Collected data:
=======

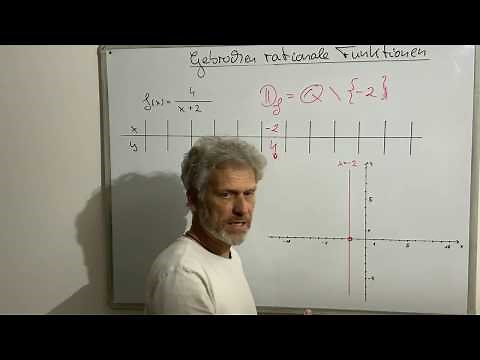8 Klasse - Gebrochen rationale Funktionen - Graph und Wertetabelle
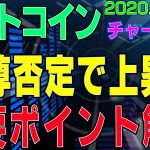 【ビットコイン】仮想通貨　三尊否定で上昇か？！重要ポイントを詳しく解説。〈今後の値動きを初心者にもわかりやすくチャート分析〉２０２０．９．１４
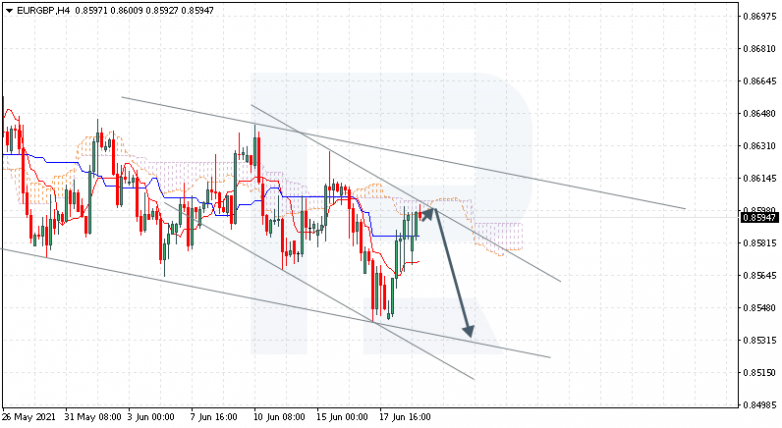 Ichimoku Cloud Analysis 21.06.2021 EURGBP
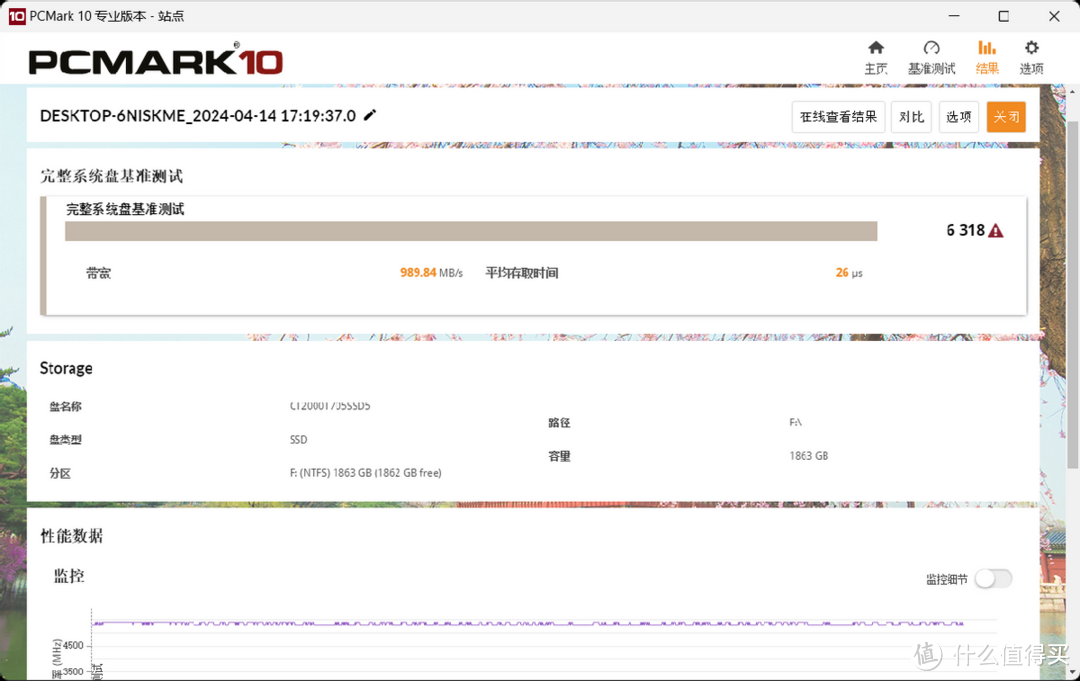 14.5GB/s目前最强消费级SSD：英睿达T705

=======

Exercise instructions: Repeat every line above exactly, minus the pictures.

Solution:
8 Klasse - Gebrochen rationale Funktionen - Graph und Wertetabelle
 【ビットコイン】仮想通貨　三尊否定で上昇か？！重要ポイントを詳しく解説。〈今後の値動きを初心者にもわかりやすくチャート分析〉２０２０．９．１４
 Ichimoku Cloud Analysis 21.06.2021 EURGBP
 14.5GB/s目前最强消费级SSD：英睿达T705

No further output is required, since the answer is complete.